Weeks ago, searching after poet Matthea Harvey, I found and posted about Octopus magazine. On the contributors list was a familiar name, though so familiar that it could have been any number of people. There are a handful from my hometown alone, and casting out a net for "Julia" or "Cohen" or "Julia Cohen" brings in millions of blinking possibilities. Had she taken up tennis since I saw her last? Become a political activist? If you know this poet, my friend from college, you know neither is entirely likely. We met as dutiful helpers at a summer writers' conference, shuttling authors to and from the train and the bar, and sitting in on workshops in exchange. The poem in Octopus was incredibly different from what I had heard her read that summer. That poem, one of the "Ruby" poems, the collection of which (I am proud to report) will be published in a chapbook next year, was a listening vertigo, perspectives and colors stacked on each other like the vertebrae of a curling stairwell; and it wouldn't be pulled open any wider--the way it landed on my ear, there was no room for me to wiggle in a finger and see what she was trying to do. Unlike the other poems that had been read that afternoon, this poem was done. What lovely seams she made!
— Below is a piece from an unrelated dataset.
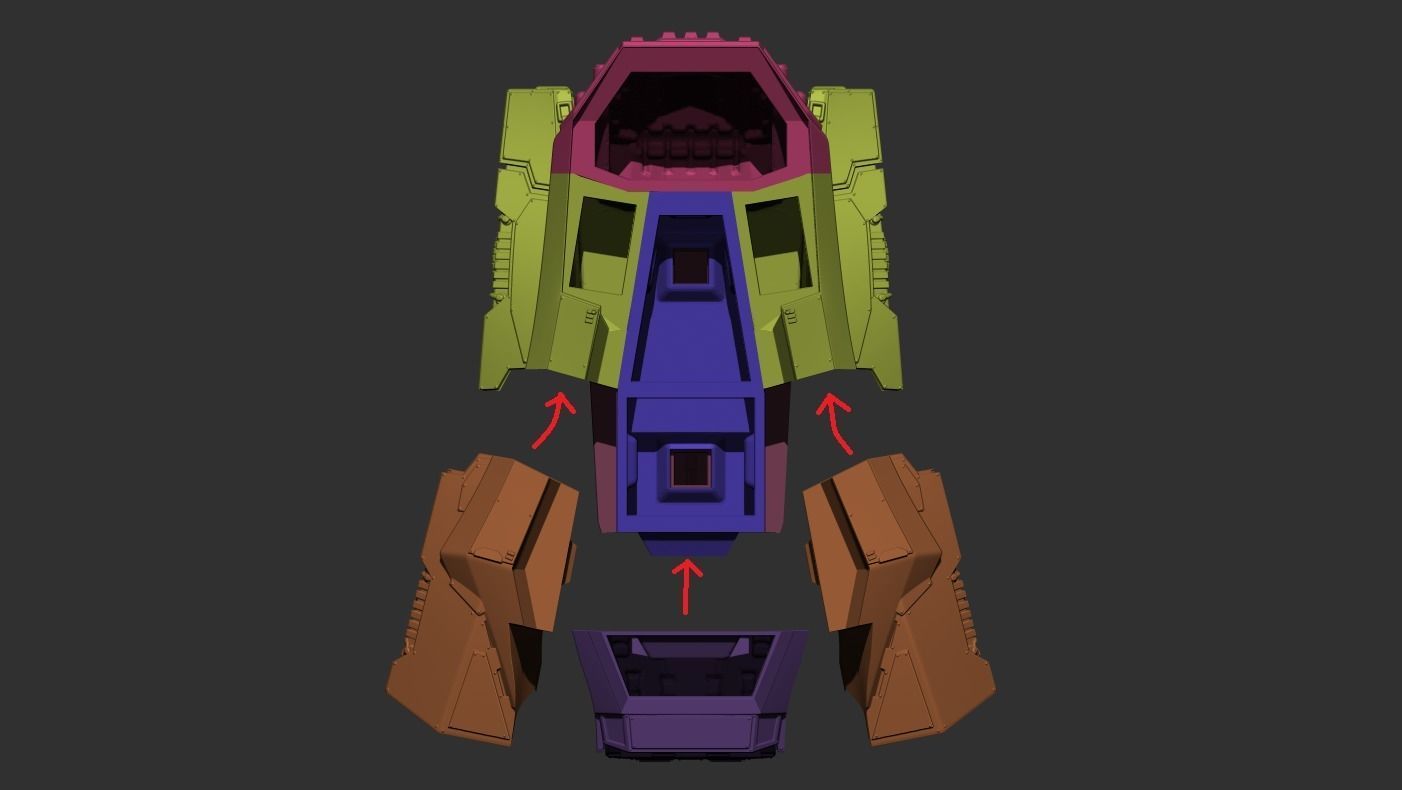 Tempest Legion - Clypeus Assault Transport 3D print model_9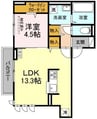 ルナⅦ 1LDKの間取り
A year passed and we became friends. She said she had a low table in her room and pillows on the floor. She is tall and folded herself to the edge of the table to write. Perhaps because I only knew a few of her poems then, I would have had to have said that she looked like a "Ruby" poem.
But these two in Octopus were almost unrecognizable. I wondered and then called, then forgot, until finally, last weekend, we managed to see each other. She said she was writing in an entirely different way now. Her first chapbook, If Fire, Arrival was published by horse less press earlier this year; there's a little more on my friend and her chapbook on a blog called Blatt. I can say that I see the same poet in them now. But comparisons of new and old aside (as I am unqualified), my favorite of the two in Octopus is "For the 'H' in Ghost." I love this poem: the way she unwinds nostalgia back to the innocence of the original moment, but remembering all the while, and especially the closing section, with the lines, "The unspeakable 'H.'/ When the bar// falls away/ 'I' and 'I' stand// face to face,"--it is simultaneously playful and yet with such a note of longing--she weds the two and here, as elsewhere, so gracefully spans the poem's then and now.
Seeing her last weekend for the first time in over a year, I am not so sure she looks like a "Ruby" poem anymore. She looks more like what I always thought she would look like, maybe because she is doing exactly what she knew she would. She looks more like my Julia Cohen, the one and only.